My question is, where, below the top five-six American
magazines, and the few dozen magazines based on American University
campuses does a writer go if she wants to push beyond the easy-to-swallow
general fiction that is often seen in many of the small British
magazines?
I can take three of my stories, one near my best quality, rich and
literary, a second, lighter, less ambitious, and a third a
lightweight, relative failure. If I enter these three in a
competition I can predict the outcome. The best flops, the mid-range is
short-listed and the make-weight gets a prize! This hasn't happened just
once, it's happened maybe five, six a dozen times. Why?
One why is "readers". Many volunteer readers for
competitions, those who narrow down four thousand entries to a more
manageable couple of hundred stories, have been raised on the mid-range
"easy-to-swallow" magazines I've already mentioned. Many are writers or
aspiring themselves. Often, I think, they choose, not the best work, not
the most enjoyable, but the best works that they could imagine themselves
writing. That is, if it's tough, if it's something currently that bit of
an extra reach for them, it's dismissed as "arti-farty" or "intellectual
junk" or perhaps "self-conscious" or "MFA stuff".
The result? Even if the final judge is Saul Bellow, what he gets to see
are those stories where we've put in the crude make-it-easy-for-Freda
bits, removed a few allusions, kept it under the glass ceiling. The poor
judge gets two-hundred plain vanilla me-too stories, stories that (ask
any judge) he can't remember a month later.
But does Ray Carver's "A Few Good Things" get forgotten? Do people
forget the baby in "The Shawl" or the abortion scene in "Differently,"
the fisherman's boots in "The Ledge"?
I know the owners of magazines have a terrible dilemma, but doesn't
something need to be done? Reader, ask yourself. Think of the copies of
little magazines you have on your shelf, or the ezines you've read. Now
close your eyes. What stories do you remember? Which ones got under your
moral radar, which ones subverted you, changed you, even if only for a
while. Can you remember ANY of the stories?

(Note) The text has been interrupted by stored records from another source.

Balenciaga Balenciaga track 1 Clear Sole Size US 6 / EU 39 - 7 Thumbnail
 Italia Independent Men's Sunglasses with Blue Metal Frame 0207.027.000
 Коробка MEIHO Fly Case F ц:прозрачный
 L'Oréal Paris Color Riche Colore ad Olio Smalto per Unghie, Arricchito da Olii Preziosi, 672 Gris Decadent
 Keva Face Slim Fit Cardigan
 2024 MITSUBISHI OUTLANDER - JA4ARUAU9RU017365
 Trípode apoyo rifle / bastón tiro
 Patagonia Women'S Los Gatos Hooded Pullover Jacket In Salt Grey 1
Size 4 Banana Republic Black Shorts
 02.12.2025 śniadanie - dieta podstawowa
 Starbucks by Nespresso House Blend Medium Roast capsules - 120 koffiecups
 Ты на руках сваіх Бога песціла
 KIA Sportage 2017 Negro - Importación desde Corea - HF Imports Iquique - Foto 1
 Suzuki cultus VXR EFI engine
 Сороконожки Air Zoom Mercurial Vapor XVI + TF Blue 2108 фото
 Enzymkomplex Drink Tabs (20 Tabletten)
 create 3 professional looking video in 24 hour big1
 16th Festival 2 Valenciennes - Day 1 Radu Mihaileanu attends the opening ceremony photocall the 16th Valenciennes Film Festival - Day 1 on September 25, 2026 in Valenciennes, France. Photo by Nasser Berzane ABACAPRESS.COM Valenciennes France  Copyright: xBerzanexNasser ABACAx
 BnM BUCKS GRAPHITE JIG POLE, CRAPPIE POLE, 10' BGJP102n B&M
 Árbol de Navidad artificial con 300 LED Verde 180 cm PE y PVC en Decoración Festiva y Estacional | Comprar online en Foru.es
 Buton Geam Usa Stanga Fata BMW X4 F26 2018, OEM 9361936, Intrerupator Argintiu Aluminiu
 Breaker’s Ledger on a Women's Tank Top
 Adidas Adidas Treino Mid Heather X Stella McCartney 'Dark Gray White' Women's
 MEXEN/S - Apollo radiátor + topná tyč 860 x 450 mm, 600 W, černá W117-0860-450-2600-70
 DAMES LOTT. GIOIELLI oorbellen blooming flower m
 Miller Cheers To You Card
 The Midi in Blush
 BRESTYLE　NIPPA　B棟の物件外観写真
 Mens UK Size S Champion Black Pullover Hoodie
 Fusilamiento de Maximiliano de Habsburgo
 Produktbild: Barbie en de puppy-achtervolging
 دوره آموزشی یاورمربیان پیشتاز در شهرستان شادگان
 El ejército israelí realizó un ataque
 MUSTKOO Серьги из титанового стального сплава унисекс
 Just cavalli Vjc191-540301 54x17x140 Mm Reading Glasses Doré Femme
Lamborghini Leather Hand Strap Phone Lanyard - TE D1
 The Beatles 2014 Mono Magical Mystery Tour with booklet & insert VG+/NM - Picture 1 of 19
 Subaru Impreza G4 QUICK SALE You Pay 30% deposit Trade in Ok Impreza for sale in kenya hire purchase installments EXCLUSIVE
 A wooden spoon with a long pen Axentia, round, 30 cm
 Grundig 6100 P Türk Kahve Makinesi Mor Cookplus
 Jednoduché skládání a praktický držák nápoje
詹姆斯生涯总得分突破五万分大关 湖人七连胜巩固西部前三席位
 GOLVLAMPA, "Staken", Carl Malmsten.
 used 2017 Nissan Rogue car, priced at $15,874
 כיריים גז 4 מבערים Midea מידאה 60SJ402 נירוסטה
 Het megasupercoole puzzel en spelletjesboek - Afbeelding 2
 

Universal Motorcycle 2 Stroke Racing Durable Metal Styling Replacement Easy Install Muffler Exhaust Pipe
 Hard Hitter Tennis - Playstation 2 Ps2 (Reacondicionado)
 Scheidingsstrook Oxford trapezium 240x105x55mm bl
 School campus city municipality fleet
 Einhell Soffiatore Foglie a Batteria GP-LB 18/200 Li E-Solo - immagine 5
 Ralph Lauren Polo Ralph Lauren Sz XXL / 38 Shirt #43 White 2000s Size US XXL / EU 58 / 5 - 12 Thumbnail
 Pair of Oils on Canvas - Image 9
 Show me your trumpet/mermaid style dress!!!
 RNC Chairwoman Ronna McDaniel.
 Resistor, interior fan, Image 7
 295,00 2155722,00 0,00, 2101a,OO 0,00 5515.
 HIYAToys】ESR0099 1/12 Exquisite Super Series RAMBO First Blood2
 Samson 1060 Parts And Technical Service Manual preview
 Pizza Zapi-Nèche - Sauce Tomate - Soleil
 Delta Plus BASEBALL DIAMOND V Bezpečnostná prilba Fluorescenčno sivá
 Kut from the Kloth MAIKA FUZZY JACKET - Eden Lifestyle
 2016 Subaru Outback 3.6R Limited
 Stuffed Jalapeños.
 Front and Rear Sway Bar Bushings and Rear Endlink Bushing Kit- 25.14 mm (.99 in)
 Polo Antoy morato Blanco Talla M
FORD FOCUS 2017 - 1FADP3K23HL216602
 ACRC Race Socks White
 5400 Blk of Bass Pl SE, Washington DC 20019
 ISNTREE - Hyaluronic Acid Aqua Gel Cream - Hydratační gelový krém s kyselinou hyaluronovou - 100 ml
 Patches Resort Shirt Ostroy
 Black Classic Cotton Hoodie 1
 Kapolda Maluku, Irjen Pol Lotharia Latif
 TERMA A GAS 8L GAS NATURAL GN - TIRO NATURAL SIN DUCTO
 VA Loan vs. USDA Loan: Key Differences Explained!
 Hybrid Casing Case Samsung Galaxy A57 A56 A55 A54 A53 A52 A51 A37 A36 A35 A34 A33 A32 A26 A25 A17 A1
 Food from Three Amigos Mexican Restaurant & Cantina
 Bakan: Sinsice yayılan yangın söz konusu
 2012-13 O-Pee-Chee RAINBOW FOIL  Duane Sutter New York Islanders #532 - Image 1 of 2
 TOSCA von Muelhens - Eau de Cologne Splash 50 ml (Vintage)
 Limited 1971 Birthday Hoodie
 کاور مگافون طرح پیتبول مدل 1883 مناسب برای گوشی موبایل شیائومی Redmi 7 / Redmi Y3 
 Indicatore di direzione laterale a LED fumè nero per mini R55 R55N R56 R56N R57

Someone once said, "Be one per-cent different and they call you a
genius, be two-percent different they call you mad; five per-cent
different and they kill you."
The problem with much of the short-story market, particularly the
competition-driven market is "different" never means "tougher",
different never means asking the reader to think, to move through
emotional application, into a greater realization, change. Different
means, the same plus a one-liner, what I can do, with a twist.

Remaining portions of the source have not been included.